Tussle, Girl Fight and The Beast with Two Backs by Lauren Gregory

Artist: Lauren Gregory

Titles: Tussle, Girl Fight and The Beast with Two Backs

Curated by: Federico Acal and Benny Van den Meulengracht-Vrancx

Screening: January 16 – February 10, 2018

Year: 2017

Duration: Tussle: 5’12”, Girl Fight: 6’09”, The Beast with Two Backs: 5’52”

There is a thread in my animation work, an ongoing fascination with fighting: Tapout wrestling, mud wrestling, boxing, aggressively making out, and plain old arguing.  Tussle sprang from this exploration.  I painted it on a pane of glass on my desk, changing the painting and sliding the glass around as I went along snapping photos.  I used baby oil to keep the paint from drying and I can still smell it whenever I watch this one.  I made Tussle in preparation for the show “Painting as Film” at the Kunsthalle Darmstadt in Germany.
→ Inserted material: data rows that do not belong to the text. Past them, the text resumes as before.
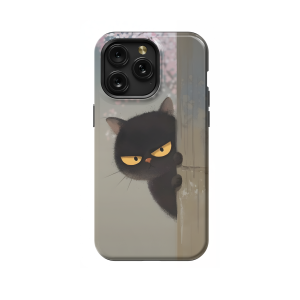 Black cat iPad Air 2 Phone Case - Image 1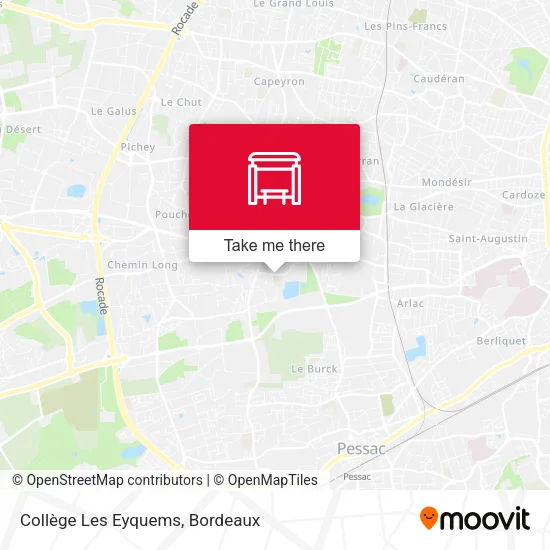 Collège Les Eyquems map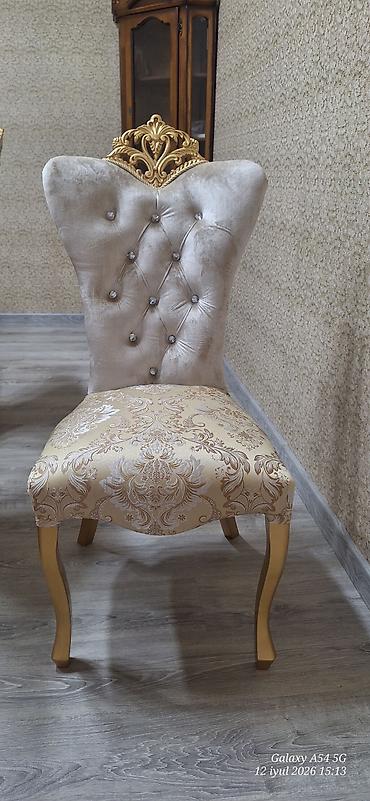 qonağ desti: Klassik üslubda 8 nəfərlik yemək dəsti - Dəst: oval formalı masa + 8 — 7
Next came Girl Fight, which I made in my animation cave during a residency at Budapest Art Factory during Fall 2017.  It was a stepping stone or almost a warmup to the final piece. In New York one month later, as I sat in my new cave painting The Beast with Two Backs, the news of Harvey Weinstein came. After that dam broke and a flood of news followed, I was forced to grapple with my own assault from over a decade ago. This piece became a fantasy of primal domination over my attacker, an alternate reality in which the woman is able to defend herself and come out unscathed. Even though she never quite gets away and the cycle continues, she still has some sense of agency over her fate.  I finished it last night and had a good cry.
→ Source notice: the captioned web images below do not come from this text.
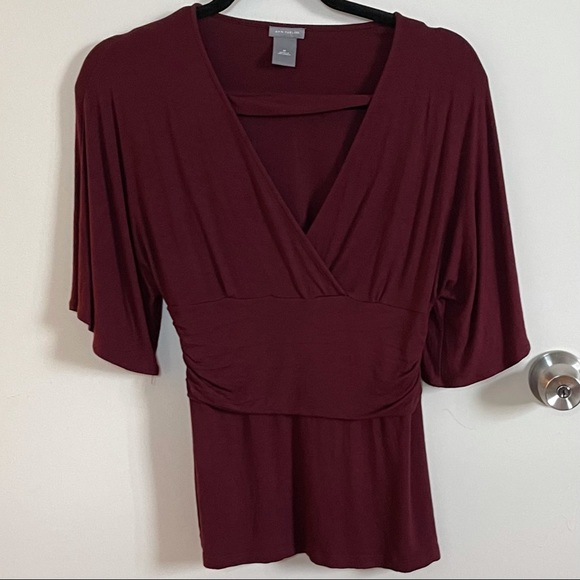 Ann Taylor Tops - Ann Taylor Women’s Blouse Wrap Side buttons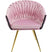 Kare Design Knot Stoel met armleuningen fluweel roze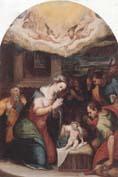 unknow artist THe adoration of  the shepherds oil painting image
Brooklyn-based and Tennessee-raised, Lauren Gregory is a painter, animator, and music video director.  A third-generation southern female painter, she began by following in her mother’s and grandmother’s footsteps, often painting friends and family in quick one-sitting sessions.  Since earning her MFA from the School of the Art Institute of Chicago in 2009, Lauren’s work has developed into oil paint stop-motion animations – moving paintings in which thick impasto strokes appear to move before the viewer’s eyes – and music videos for international acts.  Her animations have screened at MoMA P.S.1, the New Museum, MOCA Los Angeles, and at museums and film festivals around the world.  Since 2010, Lauren has lived and worked in New York City, where she teaches animation at Parsons School of Design.